CFAO-FM
- Alliston, Ontario; Canada;
- Frequency: 94.7 MHz

Programming
- Format: Adult contemporary

Ownership
- Owner: Frank Rogers; (2188301 Ontario Corporation);

History
- First air date: 2009
- Last air date: 2010
- Call sign meaning: Alliston, Ontario

= CFAO-FM =

Former radio station in Alliston, Ontario

CFAO-FM was a radio station that operated at 94.7 FM in Alliston, Ontario, Canada. The station broadcast an adult contemporary format.

Owned by Frank Rogers, on behalf of a corporation to be incorporated the station was licensed on July 28, 2008.

==History==
In 2008, Rogers was licensed to operate a second radio station at Beeton with the callsign CJBT-FM. Not yet on the air, that station had until August 1, 2012, to launch, or face the cancellation of the license.

In 2009, CFAO began on-air testing. It is uncertain when the station officially launched.

As of June 25, 2010, CFAO has been shut down due to economic troubles, which led to the station's eviction from its rented studios; also during these final days of operation, the station was unable to pay wages to its staffers.

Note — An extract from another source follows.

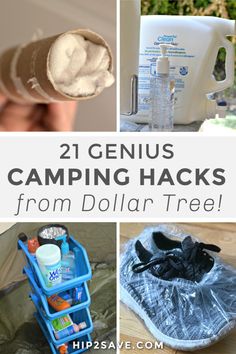 collage of camping hacks from dollar tree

In 2013, Rogers sought renewal of CFAO's license; however, on December 19, 2014, the CRTC denied the station's renewal, citing many violations, including remaining dark since 2011, and failing to meet numerous target dates to resume broadcasting - the most recent being April 1, 2014. An intervention report from My Broadcasting Corporation, owner of competing station CIMA-FM, cited that CFAO was only on the air for 11 months at most.